[Input material — start]
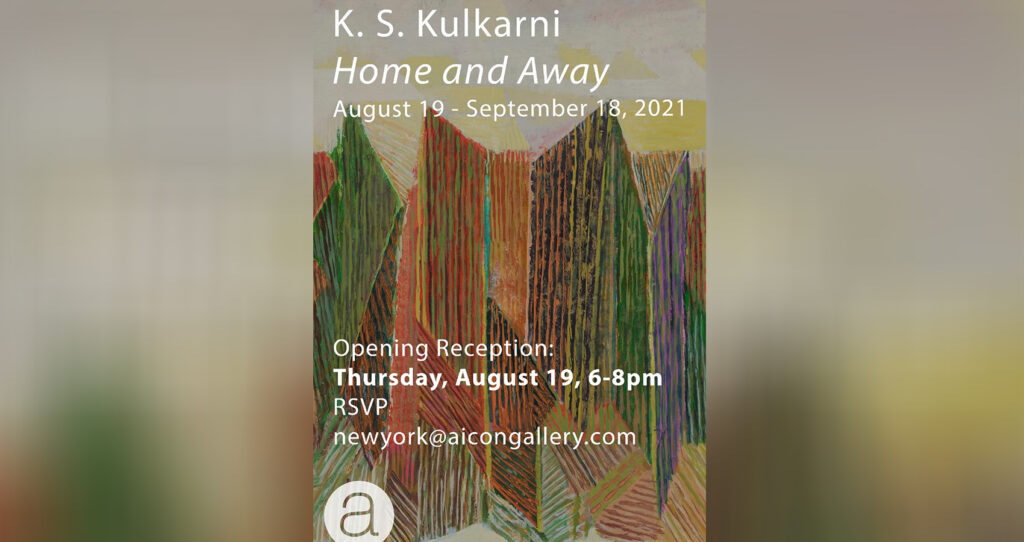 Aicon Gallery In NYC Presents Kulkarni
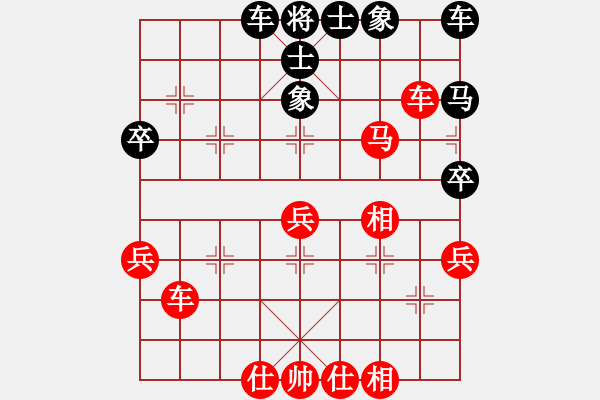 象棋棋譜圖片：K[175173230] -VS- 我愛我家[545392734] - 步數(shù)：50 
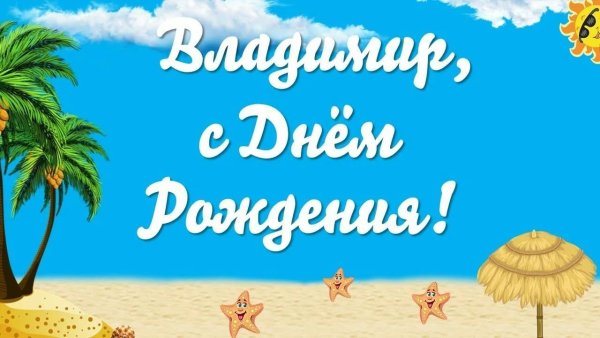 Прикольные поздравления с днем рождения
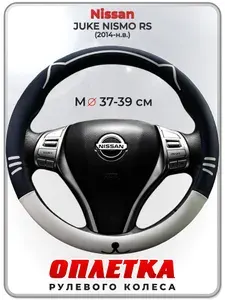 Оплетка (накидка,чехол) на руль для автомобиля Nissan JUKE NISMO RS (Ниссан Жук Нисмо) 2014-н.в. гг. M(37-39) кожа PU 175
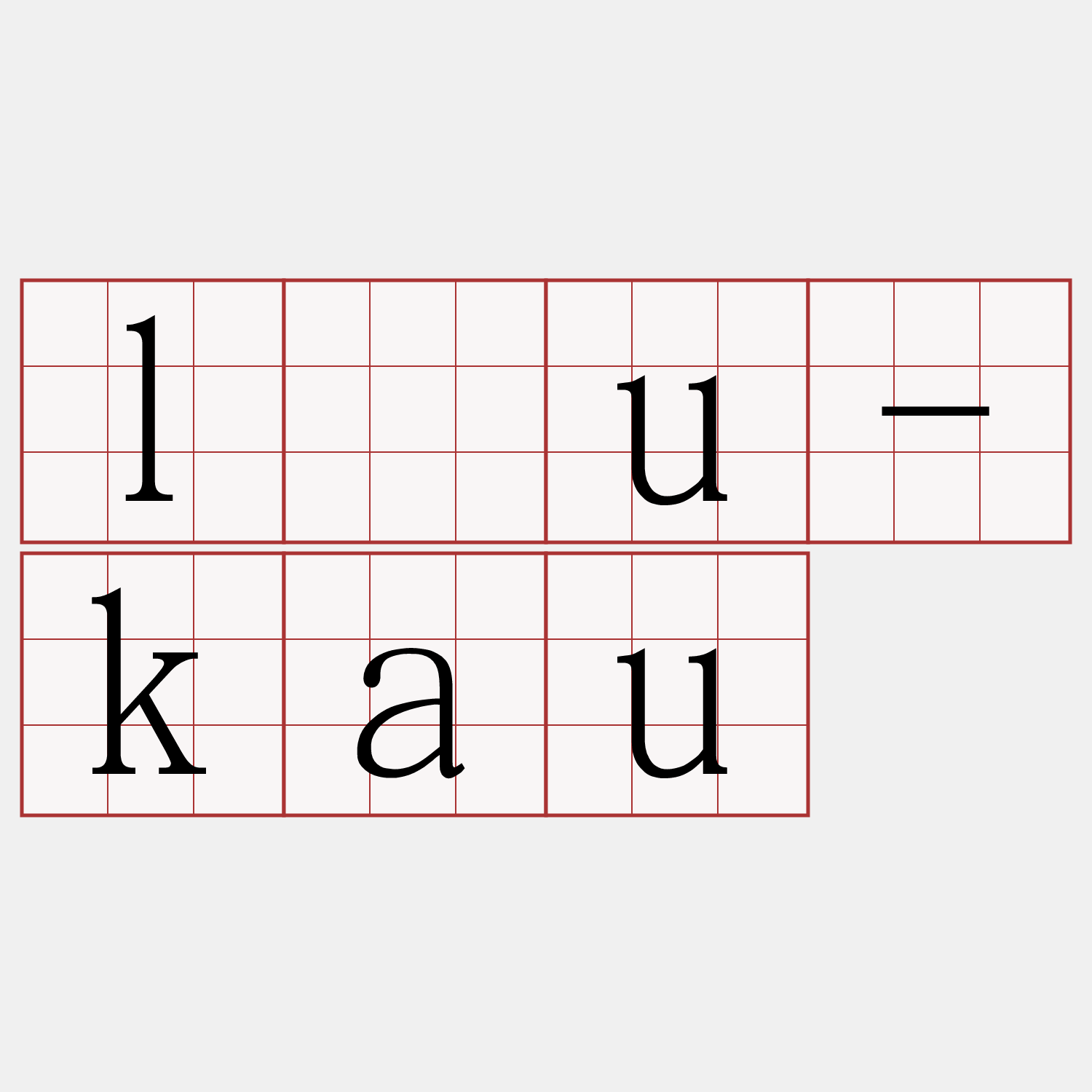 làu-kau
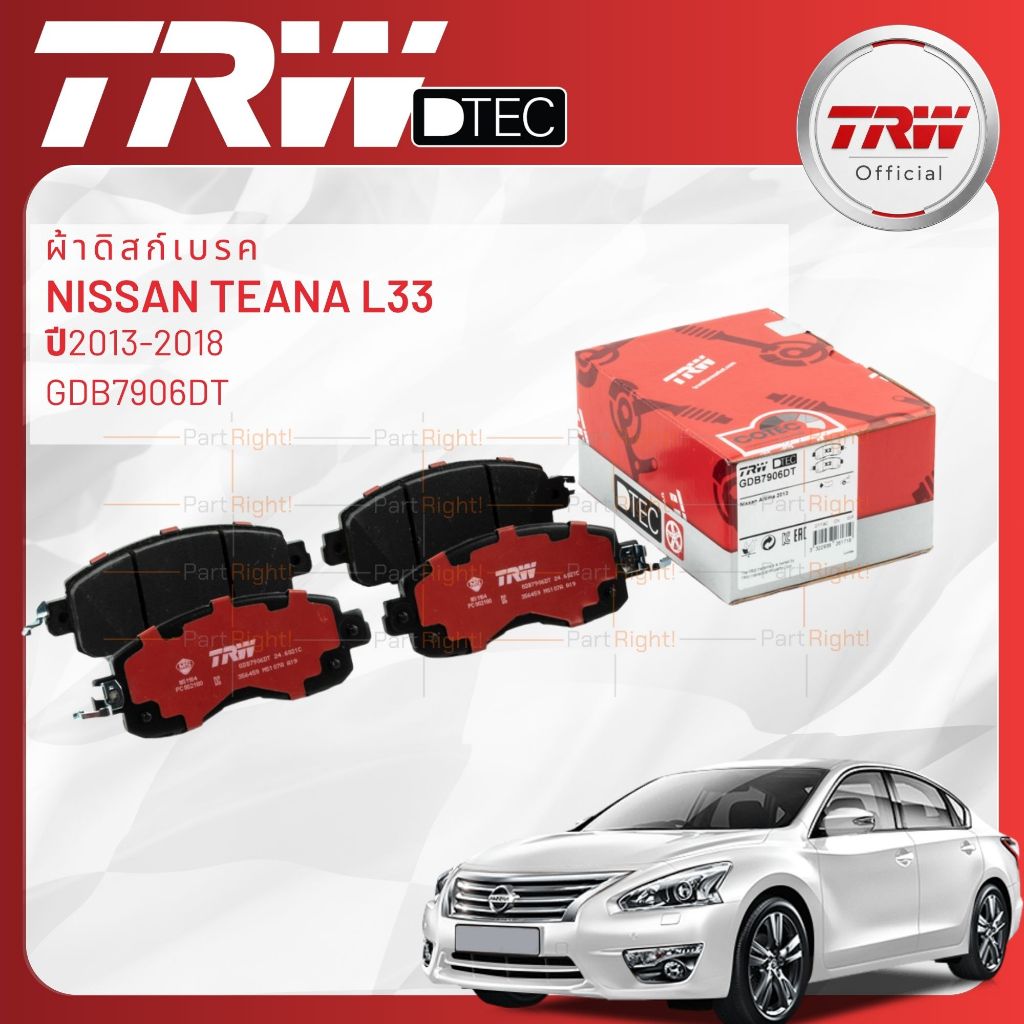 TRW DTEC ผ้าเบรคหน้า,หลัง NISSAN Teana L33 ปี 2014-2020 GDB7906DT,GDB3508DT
[Input material — finish]
[Input material — start]
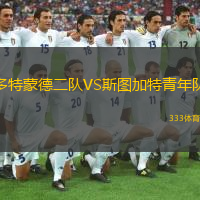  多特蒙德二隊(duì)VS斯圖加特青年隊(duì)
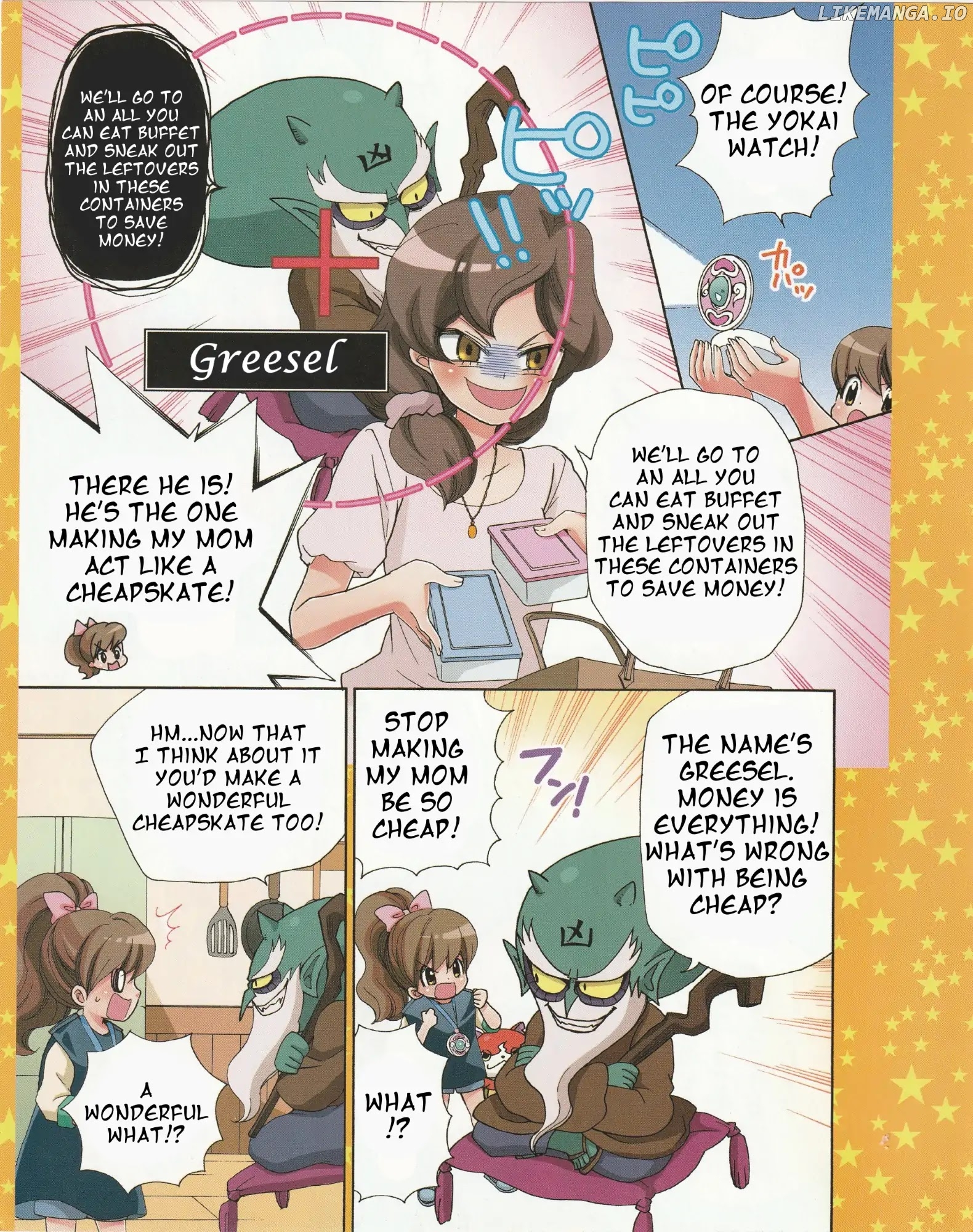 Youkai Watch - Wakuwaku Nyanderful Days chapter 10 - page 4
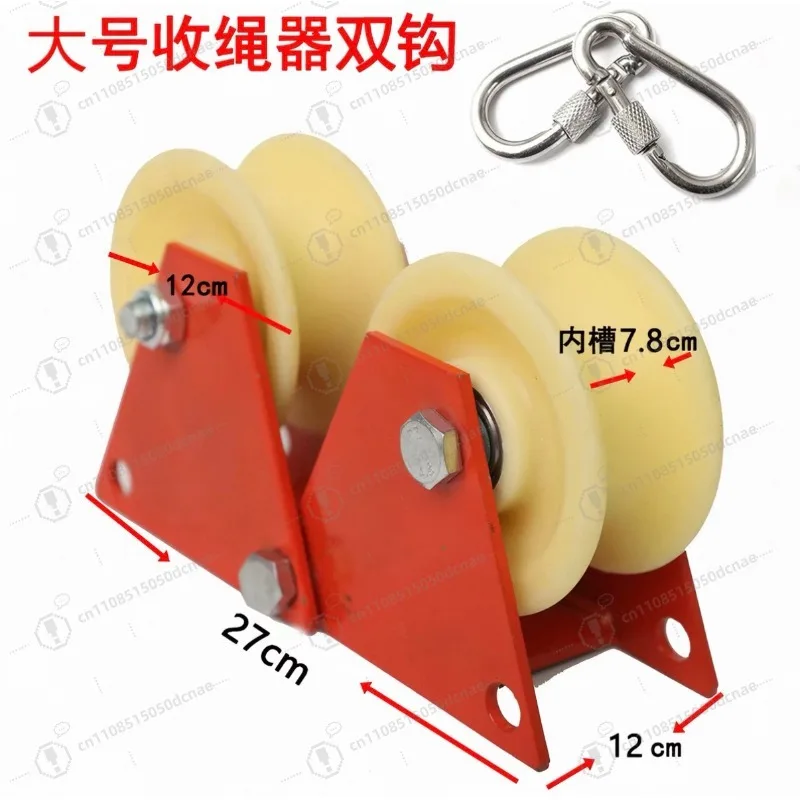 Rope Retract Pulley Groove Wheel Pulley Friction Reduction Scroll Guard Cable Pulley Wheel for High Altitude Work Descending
[Input material — finish]
- [Work to complete] Using the data above, copy exactly the lines from the one containing "象棋棋譜圖片：K[175173230] -VS- 我愛我家[545392734]" to the one containing "TRW DTEC ผ้าเบรคหน้า,หลัง", inclusive. Exclude the pictures.

- [Answer]
 象棋棋譜圖片：K[175173230] -VS- 我愛我家[545392734] - 步數(shù)：50 
 Прикольные поздравления с днем рождения
 Оплетка (накидка,чехол) на руль для автомобиля Nissan JUKE NISMO RS (Ниссан Жук Нисмо) 2014-н.в. гг. M(37-39) кожа PU 175
 làu-kau
 TRW DTEC ผ้าเบรคหน้า,หลัง NISSAN Teana L33 ปี 2014-2020 GDB7906DT,GDB3508DT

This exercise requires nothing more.